«January 16, 2006 Howard Pack Kamal Saggi The Wharton School Department of Economics University of Pennsylvania Southern Methodist University 1400 ...»
The case for industrial policy: a critical survey*
January 16, 2006
Howard Pack Kamal Saggi
The Wharton School Department of Economics
University of Pennsylvania Southern Methodist University
1400 Steinberg Hall-Dietrich Hall PO Box 750496
3620 Locust Walk Dallas, TX 75275-0496
Philadelphia, PA 19104-6372 E-mail: email@example.com
E-mail: firstname.lastname@example.org Abstract: What are the underlying rationales for industrial policy? Does empirical evidence support the use of industrial policy for correcting market failures that plague the process of industrialization? To address these questions, we provide a critical survey of the analytical literature on industrial policy. We also review some recent industry successes and argue that only a limited role was played by public interventions.
Moreover, the recent ascendance of international industrial networks that dominate the sectors in which LDCs have in the past had considerable success, implies a further limitation on the potential role of industrial policies as traditionally understood. Overall, there appears to be little empirical support for an activist government policy even though market failures exist that can, in principle, justify the use of industrial policy.
*This paper has been partly funded by the Development Research Group of the World Bank.
1. Introduction Many nations in recent years have encountered great disappointment with the results of pursuing conventional economic policies that Williamson crystallized and named the Washington Consensus. Although few countries ever followed the pristine form of this consensus, some countries in East Asia adhered to many (but hardly all) of its components and experienced extraordinarily rapid growth for a period of three decades or more. Though there was a brief and sharp recession in some of these countries during the crisis of 1997 to 1999, most have rebounded with the exception of Indonesia.
Yet other nations that have gotten their macroeconomic and trade regimes much closer to the idealized consensus than the Asian countries did have failed to experience comparable growth. In many Latin American nations and in some African ones as well, there is an understandable search for the magic bullet and many policy makers have expressed interest in some form or other of industrial policy.

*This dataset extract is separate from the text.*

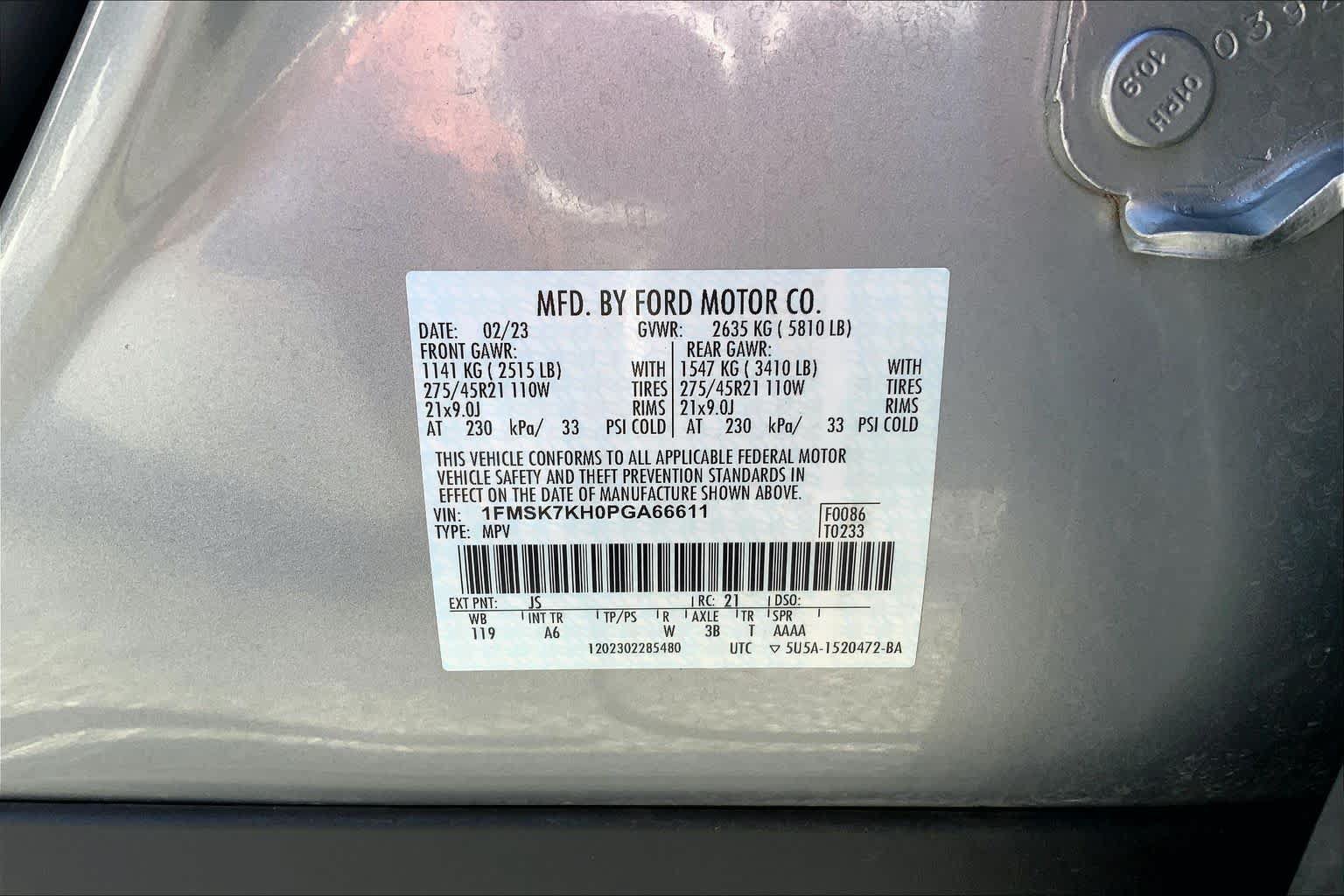 Used 2023 Ford Explorer ST-Line w/ Class IV Trailer Tow Package RWD image 31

Few phrases elicit such strong reactions from economists and policy-makers as industrial policy. As Evenett (2003) notes, industrial policy means different things to different people. According to us, industrial policy is basically any type of selective intervention or government policy that attempts to alter the structure of production toward sectors that are expected to offer better prospects for economic growth than would occur in the absence of such intervention, i.e., in the market equilibrium. Given this definition, it is not surprising that those who believe strongly in the efficient working of markets view any argument in favor of industrial policy as fiction or, worse, an invitation for all types of rent seeking activities. On the other side, people who believe market failures are pervasive think that any path to economic development requires a liberal dose of industrial policy.

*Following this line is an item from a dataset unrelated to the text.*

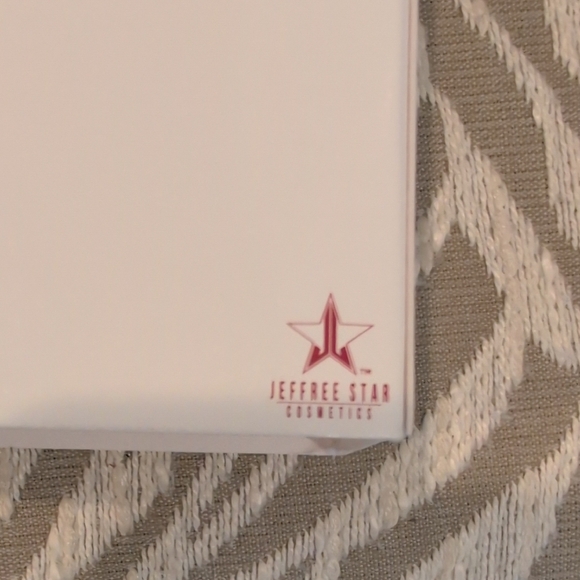 Jeffree Star Blood Sugar Eyeshadow Palette - Red & White Graphic Case - Picture 2 of 5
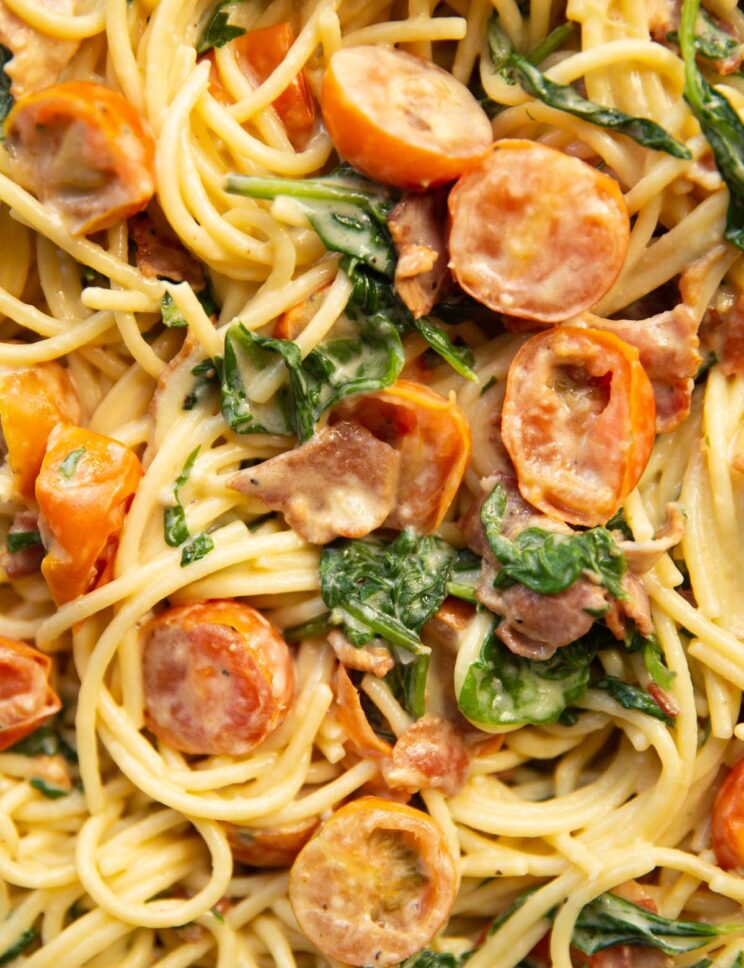 close up overhead of blt pasta in pan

In this paper, we address arguments for and against industrial policy and then ask whether empirical evidence helps settle the debate in favor of one group or another.
While there certainly exist cases where government intervention co-exists with successes, in many instances industrial policy has failed to yield any gains. The most difficult issue is that the relevant counterfactuals are not available. Consider the argument that Japan’s industrial policy was crucial for its success. Since we do not know how Japan would have fared under laissez-faire, it is difficult to attribute its success to its industrial policy.

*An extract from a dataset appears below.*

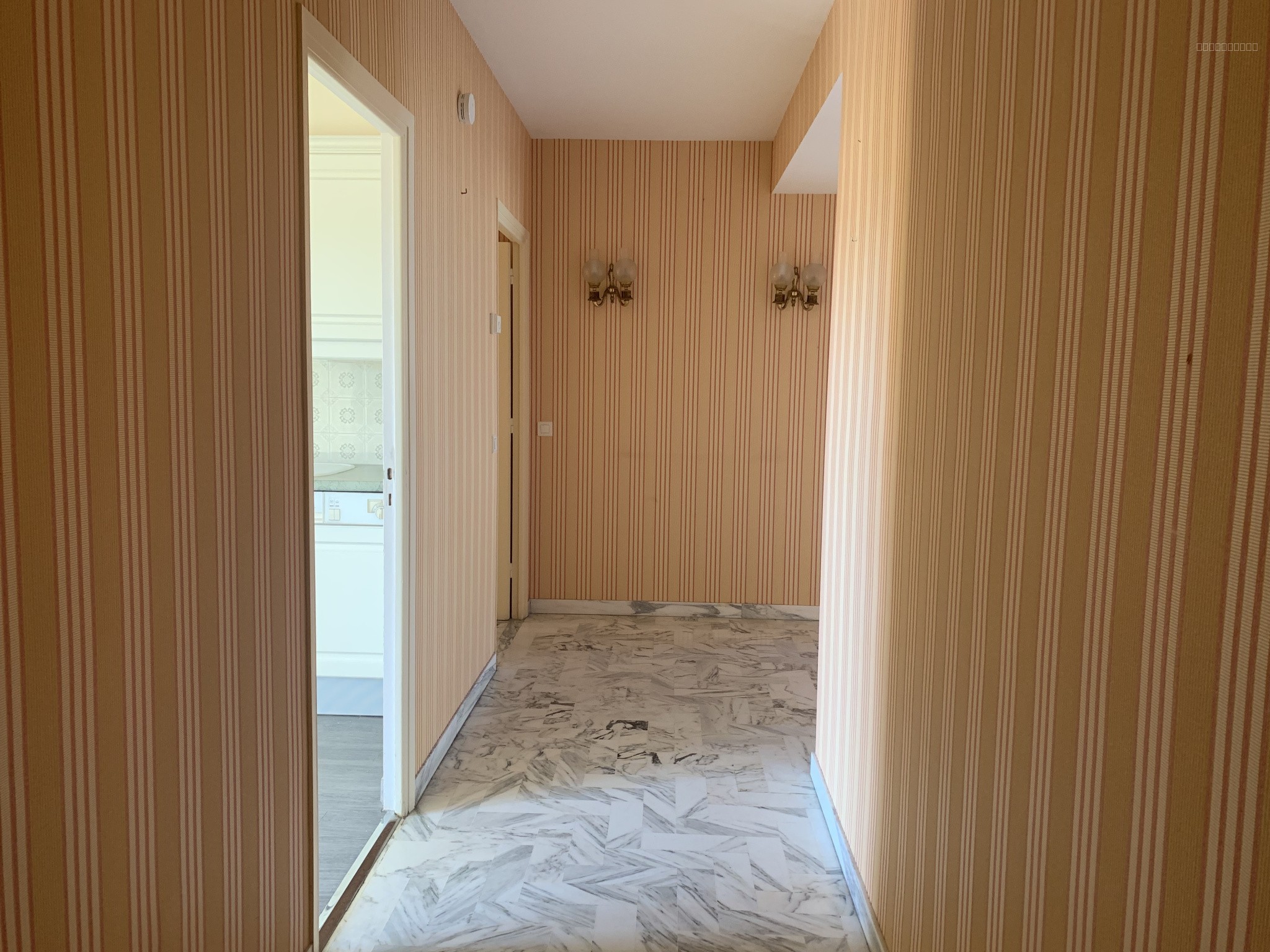 Menton : appartement trois pèces de 104 m2 en étage élevé, proche de la mer et du casino. — photo 7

Maybe it would have done still better in the absence of industrial policy or maybe it would have done much worse. Given this basic difficulty, we can only hope to obtain indirect clues regarding the efficacy of industrial policy. Direct evidence that can `hold constant’ all of the required variables (as would be done in a well specified econometric exercise) simply does not exist and it is unlikely that it will ever exist – perhaps that is why the debate over industrial policy has remained unsettled and may remain so in the future.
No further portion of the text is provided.